O ministro das Comunicações, Hélio Costa, declarou-se favorável a um sistema de proteção. Já a ministra Dilma Rousseff, da Casa Civil, divulgou nota defendendo o contrário.
Uma entidade de defesa do consumidor mostrou-se oposta à instalação de um mecanismo de proteção por considerá-lo, incorretamente, violação dos direitos do consumidor. O que está em jogo nessa discussão? Os oposicionistas alegam um motivo nobre: o direito de escolha do consumidor. Cabe, porém, a quem vivencia o setor esclarecer que, na prática, o interesse do cidadão está na proteção do direito autoral. A aplicação de um sistema de proteção pode parecer burocrática, mas possibilita que o telespectador tenha acesso a mais opções de entretenimento de alto valor agregado, o que só é possível em um ambiente digital sano, no qual a proteção ao conteúdo é o principal pilar.

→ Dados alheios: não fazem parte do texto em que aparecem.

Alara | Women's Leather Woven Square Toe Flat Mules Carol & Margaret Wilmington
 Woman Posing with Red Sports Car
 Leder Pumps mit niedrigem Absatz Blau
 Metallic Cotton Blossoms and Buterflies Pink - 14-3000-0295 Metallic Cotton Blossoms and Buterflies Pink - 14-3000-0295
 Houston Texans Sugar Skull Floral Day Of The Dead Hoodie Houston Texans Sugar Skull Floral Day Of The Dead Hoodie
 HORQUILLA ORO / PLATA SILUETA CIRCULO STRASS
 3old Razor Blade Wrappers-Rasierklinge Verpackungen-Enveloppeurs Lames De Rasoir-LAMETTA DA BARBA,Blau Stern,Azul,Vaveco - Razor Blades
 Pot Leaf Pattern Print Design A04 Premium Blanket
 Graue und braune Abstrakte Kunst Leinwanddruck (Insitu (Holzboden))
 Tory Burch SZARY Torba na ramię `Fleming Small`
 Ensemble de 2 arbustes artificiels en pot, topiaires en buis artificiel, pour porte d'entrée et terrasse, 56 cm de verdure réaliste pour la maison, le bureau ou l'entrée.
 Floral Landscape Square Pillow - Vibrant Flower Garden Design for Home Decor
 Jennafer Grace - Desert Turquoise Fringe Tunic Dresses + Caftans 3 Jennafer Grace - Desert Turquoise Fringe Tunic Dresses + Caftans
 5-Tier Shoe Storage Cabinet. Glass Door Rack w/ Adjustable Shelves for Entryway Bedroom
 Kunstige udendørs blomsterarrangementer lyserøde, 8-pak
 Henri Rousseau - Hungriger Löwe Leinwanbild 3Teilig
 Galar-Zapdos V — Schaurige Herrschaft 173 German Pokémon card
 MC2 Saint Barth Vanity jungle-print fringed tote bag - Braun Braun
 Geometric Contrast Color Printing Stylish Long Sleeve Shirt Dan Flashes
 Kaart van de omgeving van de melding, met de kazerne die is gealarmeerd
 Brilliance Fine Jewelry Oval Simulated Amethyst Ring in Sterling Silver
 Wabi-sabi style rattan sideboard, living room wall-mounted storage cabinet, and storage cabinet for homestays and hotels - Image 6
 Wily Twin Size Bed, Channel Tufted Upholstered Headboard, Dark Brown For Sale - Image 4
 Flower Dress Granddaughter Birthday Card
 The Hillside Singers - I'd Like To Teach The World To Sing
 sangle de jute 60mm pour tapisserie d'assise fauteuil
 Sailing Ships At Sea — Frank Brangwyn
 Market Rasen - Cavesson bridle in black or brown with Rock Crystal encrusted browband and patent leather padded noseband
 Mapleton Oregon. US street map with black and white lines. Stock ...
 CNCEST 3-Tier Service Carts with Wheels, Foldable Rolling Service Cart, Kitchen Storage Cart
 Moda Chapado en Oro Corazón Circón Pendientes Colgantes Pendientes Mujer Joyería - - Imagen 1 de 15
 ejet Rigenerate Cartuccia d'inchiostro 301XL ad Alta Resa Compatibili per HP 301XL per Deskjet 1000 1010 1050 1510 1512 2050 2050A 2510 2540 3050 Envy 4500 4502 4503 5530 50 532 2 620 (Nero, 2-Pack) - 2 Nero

A produção e a distribuição de filmes e programas de TV têm grande potencial de crescimento, com cada vez mais qualidade e variedade. O sistema digital abre um leque de possibilidades para produtores de todos os portes, independentes ou não, e para distribuidores de conteúdo. O pré-requisito para isso é a preservação da propriedade intelectual -único estímulo efetivo à criação e ao investimento em canais de distribuição. Proteger conteúdos não significa cercear a liberdade do telespectador de gravar programas e assisti-los quando desejar. Será possível gravar cópias para uso pessoal -como no tempo dos aparelhos de VHS. O que não deve ser permitido é a comercialização e a redistribuição indiscriminada desses programas na internet.
A proteção é para que a TV digital não tenha seu sentido desvirtuado. Sem bloqueio, gravações podem ser redistribuídas livremente, inclusive em outros mercados, reduzindo valor de comercialização do conteúdo.
A proteção ao conteúdo tem como objetivo impedir que os telespectadores se tornem um “retransmissor” da programação, inviabilizando, por exemplo, a manutenção da audiência das emissoras e a valorização do espaço publicitário. A comercialização da programação em mercados externos também ficaria difícil.
O potencial destrutivo existe também na evasão de conteúdo pela web -mesmo uma cópia feita por um fã e colocada na rede como homenagem.
A difusão anônima, não autorizada e descontrolada concorre de forma desleal com os canais de distribuição: conteúdos obtidos de graça e a qualquer tempo têm valor que tende a zero. Por que investir em sua produção e difusão se o valor de mercado pode desaparecer? No médio prazo, a cópia sem freios e a pirataria podem esvaziar a própria TV digital.
Nesse sentido, a TV aberta digital é altamente vulnerável, pois tem concessão para operar em um determinado território. Já a internet permite distribuição global e irrestrita.
Atentos a esse risco, distribuidores têm dado preferência aos mercados em que há proteção, direcionando os melhores produtos para plataformas codificadas mais seguras -TV a cabo e via satélite-, de acesso fechado.
Assim, consumidores da TV aberta, dependentes dos índices de audiência e de receitas publicitárias, ficariam excluídos das vantagens da difusão digital. Ou seja, os prejudicados seriam aqueles que mais se quer defender: os telespectadores.
Proteger a propriedade intelectual é vital tanto para o governo como para o telespectador. O interesse da indústria audiovisual é oferecer produtos novos ao maior número de pessoas. O da população é ter acesso ao conteúdo de alta qualidade. Quando o negócio se torna economicamente viável, todos ganham. E, para que a TV digital seja economicamente viável, é necessário prevenir sua propagação ilegal.
A decisão sobre o sistema de proteção de conteúdo cabe ao Comitê de Desenvolvimento da TV Digital.
Desde o início das discussões sobre a TV digital brasileira, a Motion Picture Association procurou alertar a opinião pública sobre essa questão.
Agora, o governo federal e o Congresso Nacional, que já demonstraram firmeza no combate à comercialização não autorizada do conteúdo criativo com a CPI da Pirataria e o Conselho Nacional de Combate à Pirataria e Delitos Contra a Propriedade Intelectual (CNCP), têm mais uma oportunidade para demonstrar essa liderança no setor audiovisual.